In yesterday’s post on Alan Blinder and inflation-induced bracket creep, I promised to tell this story.

At the American Economic Association meetings in New York in December 1988, there was a session on economic policy and the economy. A number of major economists presented, but the two I remember clearly, because I asked them both questions, were Alice Rivlin and Joe Pechman. I’ve sometimes referred to Alice as “my favorite liberal economist” because she had a no-nonsense, clear-eyed view of things (although I think she never gave supply-side cuts in marginal tax rates their due.) But that was after I started following her work during the Clinton administration, when she was deputy director and then director of the Office of Management and Budget.
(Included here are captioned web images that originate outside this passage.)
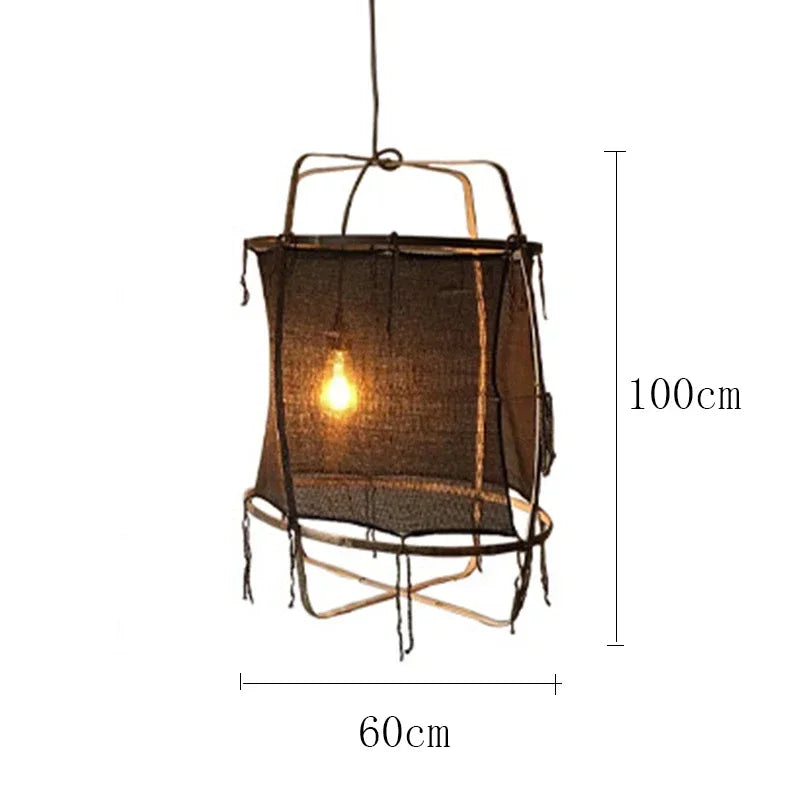 Modern bohemian fabric ceiling pendant lamp for living room hotel shop Art Deco gauze hanging light restaurant decor fixture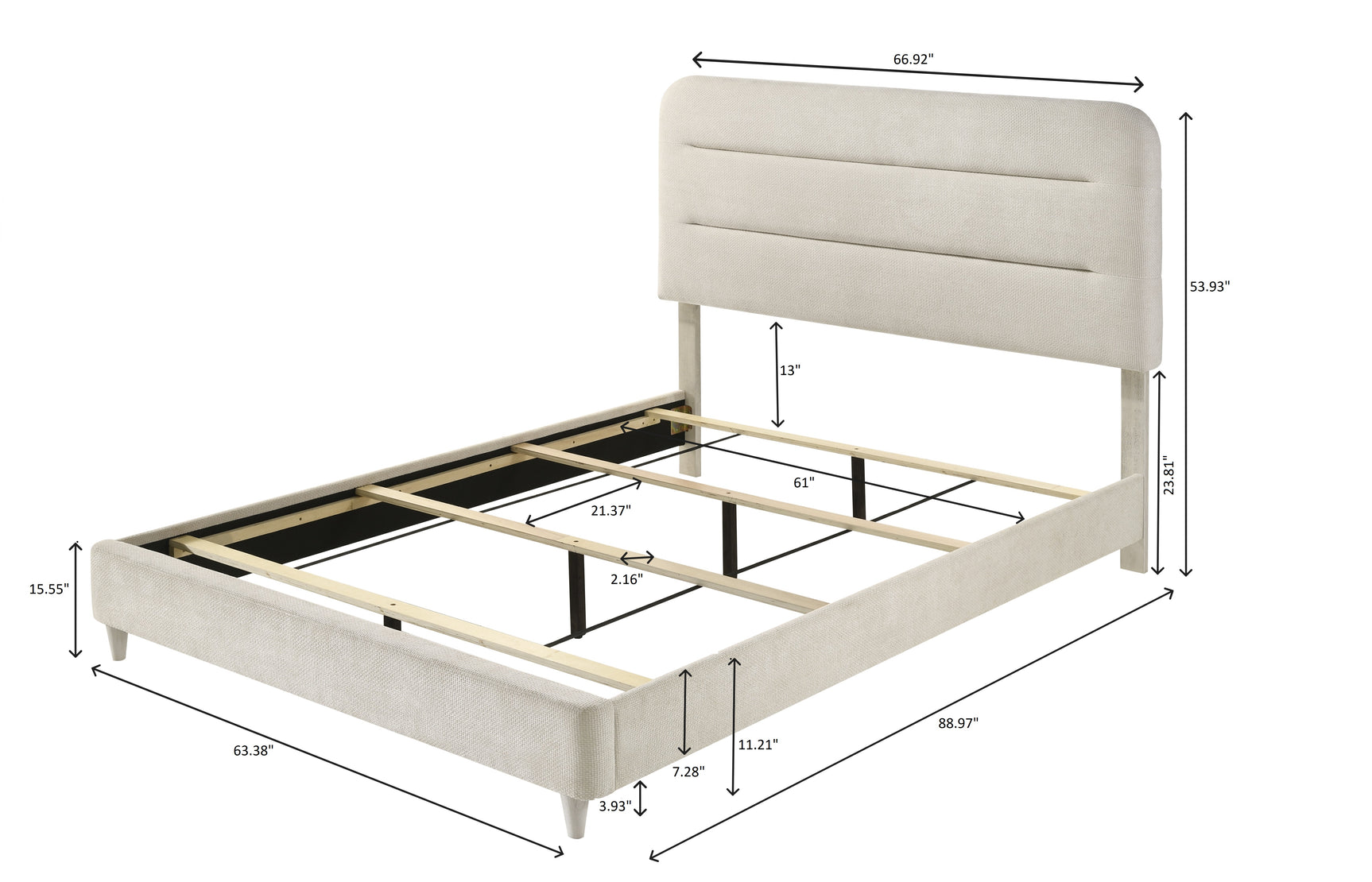 Nyomi White Upholstered Panel Bedroom Set main front view of Queen bed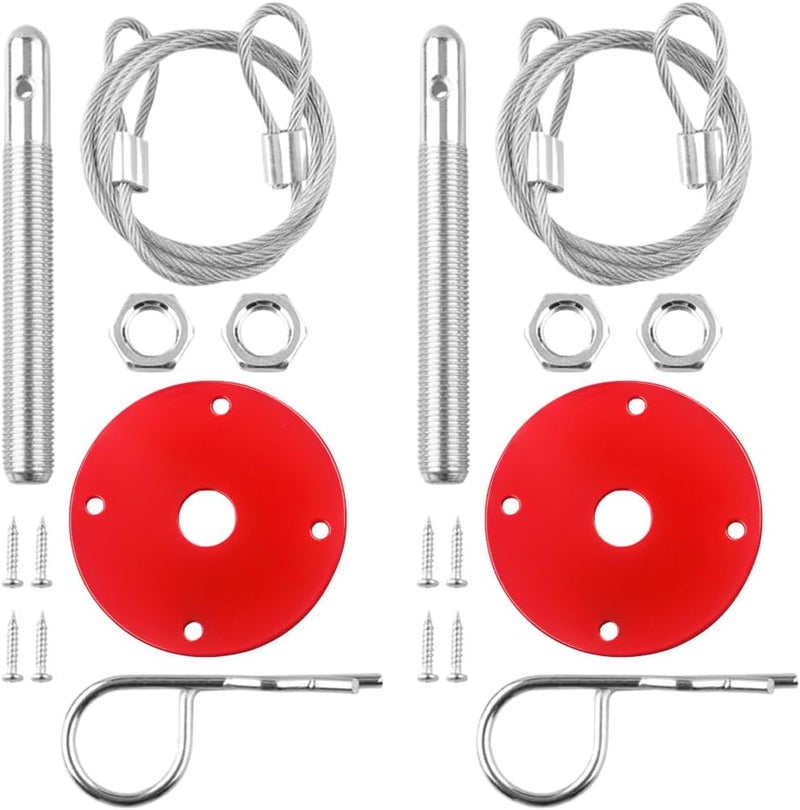 Sandfren Car Hood Pins Kit, Stainless Steel Vehicle Engine Pin Plate Bonnet Lock Clip, Modified Auto Racing Exterior Locking Latches Lanyard Rope Set for Reducing Shaking, Universal Fit (Red) - Image 1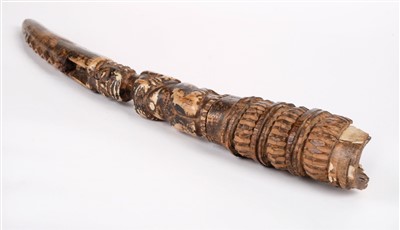 Lot 112 - Nigeria. Yoruba, Nigeria carved ivory trumpet, probably 19th century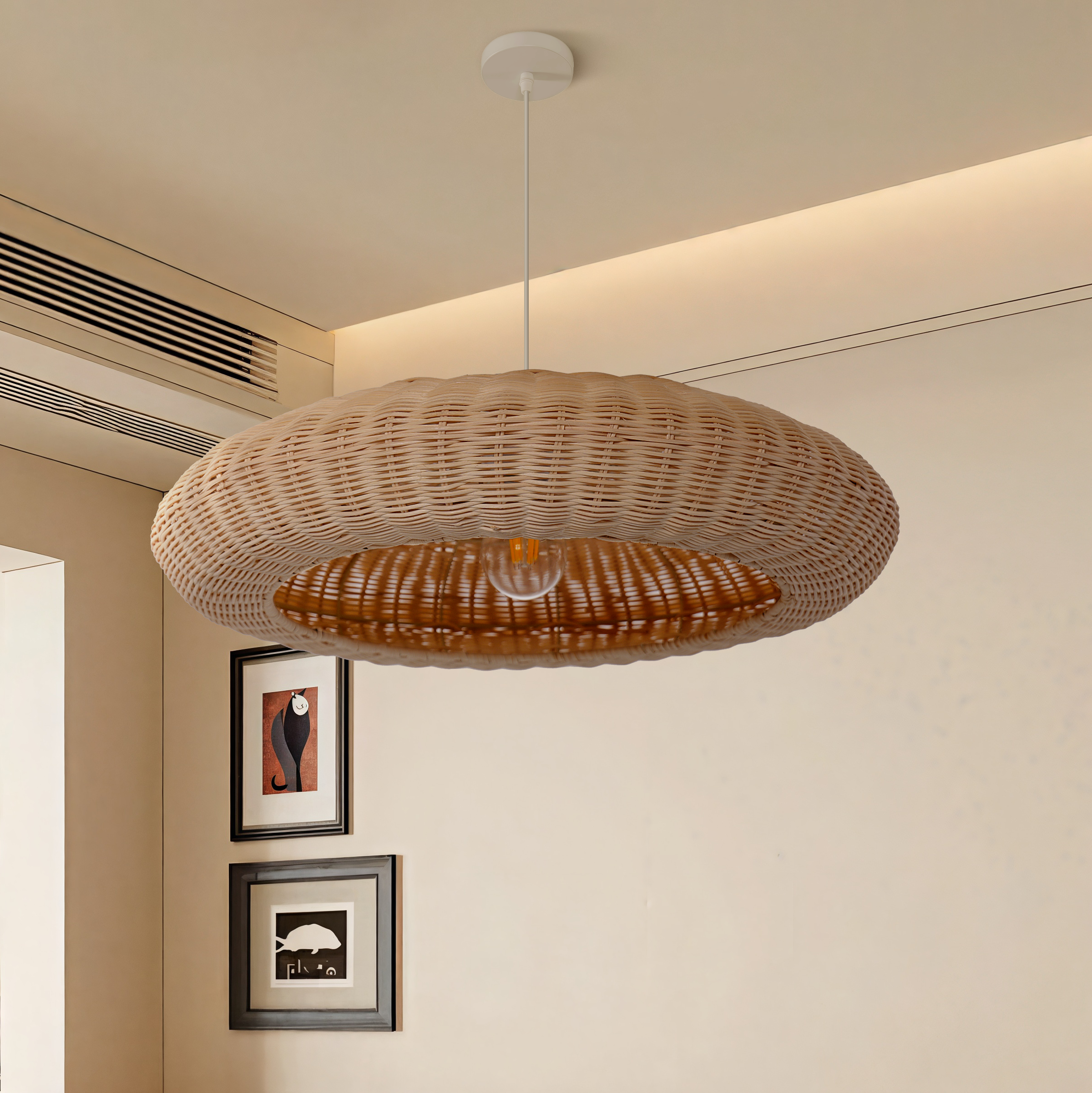 Japanese Shell-Inspired Rattan Pendant Light Natural Serenity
In her talk at the AEA meetings, Alice noted that there just hadn’t been nearly as much controversy about raising taxes to prevent major federal budget deficits in the late 1970s, when she was director of the Congressional Budget Office, as there had been from the mid-1980s to the year we were in, 1988. She stated it as if it were a puzzle. To me, it wasn’t a puzzle at all. So I stood up and asked the following (of course I’m going from memory here):

Dr. Rivlin,

You stated that there wasn’t nearly the controversy about raising taxes to reduce the deficit in the late 1970s as there is now, but isn’t there an obvious answer? Inflation in the last half of the 1970s averaged high single digits and the federal income tax brackets were not indexed for inflation. So inflation plus non-indexing assured that federal government revenues grew substantially every year, even without explicit legislated tax increases.

She answered, “Well, there’s that.”

When I had a chance to talk about this in my class when it was relevant to our discussion of bracket creep, I quoted her “Well, there’s that.”

Funny story: The next day after I quoted her in class, a sharp student caught me out on some important causal factor that I had left out of another discussion unrelated to bracket creep. I hesitated, thought through it, and then admitted his point. Another student piped up, “Well, there’s that.” We all got a good laugh.